Panggilan hewan paling keras di laut, seperti anjing laut dan paus, memiliki tingkat setinggi 190 dB pada jarak satu meter, yang sebanding dengan teriakan keras manusia di udara pada jarak yang sama. Beberapa echo - locating bisa mencapai tingkat puncak setinggi 230 dB, meskipun dalam waktu yang sangat singkat.

Suara lain di laut, termasuk gempa bumi bawah laut dan letusan gunung berapi dasar laut bahkan bisa mencapai 240 dB dengan cakupan area yang sangat besar. Apa Dampak penggunaan sonar oleh manusia bagi Hewan Laut??????????? Ternyata Sonar memberi dampak buruk bagi ikan dan hewan laut lainnya, diantaranya: 1. Perubahan tingkah laku

2. Kerusakan sementara bahkan permanen pada system pendengaran 3. Stress sebagai respon hewan laut terhadap kebisingan

Tingkat gangguan akibat kebisingan pada hewan laut tergantung dari frekuensi dan tingkat tekanan udara. Peralatan yang paling beresiko tinggi adalah airgun dan transducer berdaya tinggi dengan sudut berkas yang besar.

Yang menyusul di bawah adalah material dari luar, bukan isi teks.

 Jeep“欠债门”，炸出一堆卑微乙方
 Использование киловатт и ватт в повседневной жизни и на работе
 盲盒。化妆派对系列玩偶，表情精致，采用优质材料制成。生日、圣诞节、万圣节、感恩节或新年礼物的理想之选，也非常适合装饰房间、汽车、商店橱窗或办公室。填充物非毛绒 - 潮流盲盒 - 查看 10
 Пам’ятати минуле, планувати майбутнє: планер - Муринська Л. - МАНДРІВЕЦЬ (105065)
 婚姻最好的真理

Lalu Bagaimana Kita Bisa Mengindikasi Suatu Hewan Laut Kena Dampak Kebisingan?

Tidak selalu mudah untuk mengetahui bahwa hewan laut tertentu terganggu dengan kebisingan . Para ahli Biologi dan para insinyur dari Universitas Rhode Island, USA telah mengembangkan peralatan digital yang mampu menyediakan informasi tentang tingkah laku paus, termasuk seberapa dalam paus mampu berenang, apa yang paus dengar, dan bunyi seperti apa yang mereka gunakan untuk berkomunikasi. Alat ini memungkinkan melakukan percobaan terkontrol untuk mengobservasi tingkah laku binatang. Ct scan dan penggambaran 3-D juga digunakan untuk mempelajari struktur pendengaran mamalia laut dan bagaimana mamalia ini bisa terluka akibat paparan kebisingan dari suatu sumber.

(6)

Beberapa study kasus memang sudah mengungkap dampak buruk penggunaan SONAR untuk tujuan penelitian, khususnya untuk perairan tenang seperti Samudra Antartika. Pedoman Internasional telah mengembangkan penggunaan sonar yang benar terutama untuk meminimalkan kemungkinan timbulnya perusakan dan kebingungan pada hewan laut.

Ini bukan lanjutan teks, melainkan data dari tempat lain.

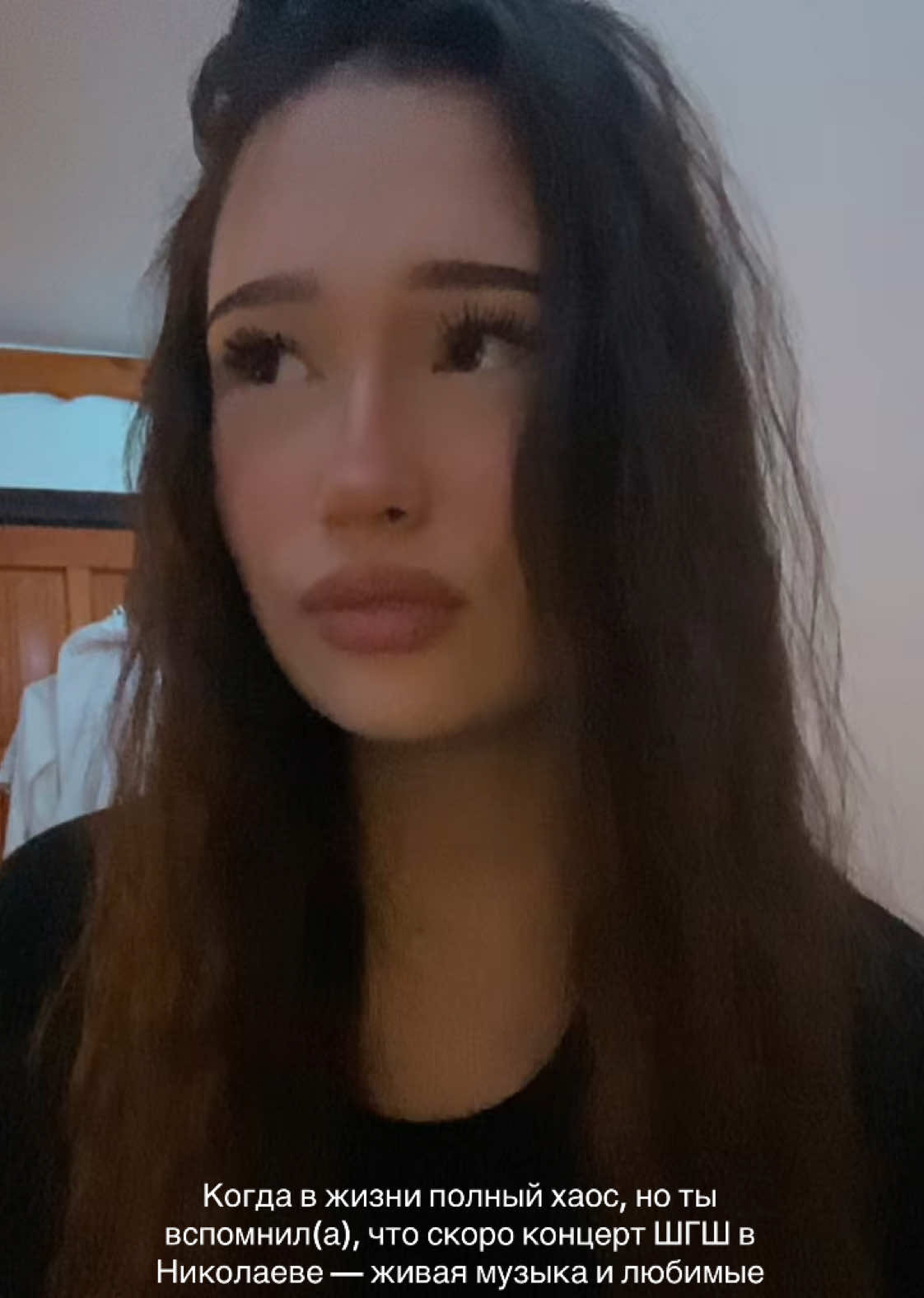 @сонечка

Strateginya dengan memberikan batas minimal level energi yang diperbolehkan, menyediakan rute pelarian diri untuk hewan yang berada di area tersebut, dan penggunaan minimal pada waktu tertentu saat hewan lebih sensitif terhadap gangguan, seperti misalnya saat hewan laut beranak atau dalam masa perkawinan. Rincian catatan peneliti dari kegiatan akustik harus dilampirkan sampai kita mengetahui lebih dan lebih mengenai dampak penggunaan bunyi pada kehidupan di laut.